Data >>
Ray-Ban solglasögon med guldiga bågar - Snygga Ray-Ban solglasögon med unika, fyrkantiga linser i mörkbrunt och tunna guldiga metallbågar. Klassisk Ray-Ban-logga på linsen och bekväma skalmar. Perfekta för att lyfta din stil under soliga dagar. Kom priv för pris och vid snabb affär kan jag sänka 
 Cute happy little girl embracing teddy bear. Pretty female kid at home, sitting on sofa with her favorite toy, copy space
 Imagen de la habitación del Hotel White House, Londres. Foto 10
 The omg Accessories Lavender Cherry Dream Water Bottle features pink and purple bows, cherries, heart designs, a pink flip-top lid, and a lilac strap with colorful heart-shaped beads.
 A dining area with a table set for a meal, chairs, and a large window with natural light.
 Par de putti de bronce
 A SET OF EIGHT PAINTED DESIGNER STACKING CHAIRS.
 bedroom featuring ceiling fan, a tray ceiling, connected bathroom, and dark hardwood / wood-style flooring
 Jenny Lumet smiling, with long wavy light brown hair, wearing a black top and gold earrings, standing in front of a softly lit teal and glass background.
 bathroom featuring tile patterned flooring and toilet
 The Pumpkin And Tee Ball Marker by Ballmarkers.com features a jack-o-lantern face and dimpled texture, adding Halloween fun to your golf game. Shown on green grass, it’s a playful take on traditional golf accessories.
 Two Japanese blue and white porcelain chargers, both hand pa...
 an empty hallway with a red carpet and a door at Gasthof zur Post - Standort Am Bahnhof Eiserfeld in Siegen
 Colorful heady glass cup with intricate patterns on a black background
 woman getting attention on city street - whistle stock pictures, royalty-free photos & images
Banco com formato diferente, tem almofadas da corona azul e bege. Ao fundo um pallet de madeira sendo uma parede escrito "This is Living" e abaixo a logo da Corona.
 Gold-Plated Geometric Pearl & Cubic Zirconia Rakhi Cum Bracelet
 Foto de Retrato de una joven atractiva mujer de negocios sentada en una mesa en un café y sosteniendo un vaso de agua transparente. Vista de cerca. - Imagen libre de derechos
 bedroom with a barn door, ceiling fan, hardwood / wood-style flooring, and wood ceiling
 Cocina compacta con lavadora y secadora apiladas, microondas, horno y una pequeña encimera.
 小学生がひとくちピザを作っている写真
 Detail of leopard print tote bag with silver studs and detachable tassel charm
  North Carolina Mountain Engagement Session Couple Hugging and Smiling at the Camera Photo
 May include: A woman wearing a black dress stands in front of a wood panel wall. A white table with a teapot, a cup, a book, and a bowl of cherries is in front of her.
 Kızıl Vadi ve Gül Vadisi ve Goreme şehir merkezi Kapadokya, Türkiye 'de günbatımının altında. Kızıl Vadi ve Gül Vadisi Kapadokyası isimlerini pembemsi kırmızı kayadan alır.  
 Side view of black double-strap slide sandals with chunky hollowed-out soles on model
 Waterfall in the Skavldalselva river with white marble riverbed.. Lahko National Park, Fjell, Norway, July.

Exercise >> Every entry above must be returned word for word.

Solution to the problem >>
Ray-Ban solglasögon med guldiga bågar - Snygga Ray-Ban solglasögon med unika, fyrkantiga linser i mörkbrunt och tunna guldiga metallbågar. Klassisk Ray-Ban-logga på linsen och bekväma skalmar. Perfekta för att lyfta din stil under soliga dagar. Kom priv för pris och vid snabb affär kan jag sänka 
 Cute happy little girl embracing teddy bear. Pretty female kid at home, sitting on sofa with her favorite toy, copy space
 Imagen de la habitación del Hotel White House, Londres. Foto 10
 The omg Accessories Lavender Cherry Dream Water Bottle features pink and purple bows, cherries, heart designs, a pink flip-top lid, and a lilac strap with colorful heart-shaped beads.
 A dining area with a table set for a meal, chairs, and a large window with natural light.
 Par de putti de bronce
 A SET OF EIGHT PAINTED DESIGNER STACKING CHAIRS.
 bedroom featuring ceiling fan, a tray ceiling, connected bathroom, and dark hardwood / wood-style flooring
 Jenny Lumet smiling, with long wavy light brown hair, wearing a black top and gold earrings, standing in front of a softly lit teal and glass background.
 bathroom featuring tile patterned flooring and toilet
 The Pumpkin And Tee Ball Marker by Ballmarkers.com features a jack-o-lantern face and dimpled texture, adding Halloween fun to your golf game. Shown on green grass, it’s a playful take on traditional golf accessories.
 Two Japanese blue and white porcelain chargers, both hand pa...
 an empty hallway with a red carpet and a door at Gasthof zur Post - Standort Am Bahnhof Eiserfeld in Siegen
 Colorful heady glass cup with intricate patterns on a black background
 woman getting attention on city street - whistle stock pictures, royalty-free photos & images
Banco com formato diferente, tem almofadas da corona azul e bege. Ao fundo um pallet de madeira sendo uma parede escrito "This is Living" e abaixo a logo da Corona.
 Gold-Plated Geometric Pearl & Cubic Zirconia Rakhi Cum Bracelet
 Foto de Retrato de una joven atractiva mujer de negocios sentada en una mesa en un café y sosteniendo un vaso de agua transparente. Vista de cerca. - Imagen libre de derechos
 bedroom with a barn door, ceiling fan, hardwood / wood-style flooring, and wood ceiling
 Cocina compacta con lavadora y secadora apiladas, microondas, horno y una pequeña encimera.
 小学生がひとくちピザを作っている写真
 Detail of leopard print tote bag with silver studs and detachable tassel charm
  North Carolina Mountain Engagement Session Couple Hugging and Smiling at the Camera Photo
 May include: A woman wearing a black dress stands in front of a wood panel wall. A white table with a teapot, a cup, a book, and a bowl of cherries is in front of her.
 Kızıl Vadi ve Gül Vadisi ve Goreme şehir merkezi Kapadokya, Türkiye 'de günbatımının altında. Kızıl Vadi ve Gül Vadisi Kapadokyası isimlerini pembemsi kırmızı kayadan alır.  
 Side view of black double-strap slide sandals with chunky hollowed-out soles on model
 Waterfall in the Skavldalselva river with white marble riverbed.. Lahko National Park, Fjell, Norway, July.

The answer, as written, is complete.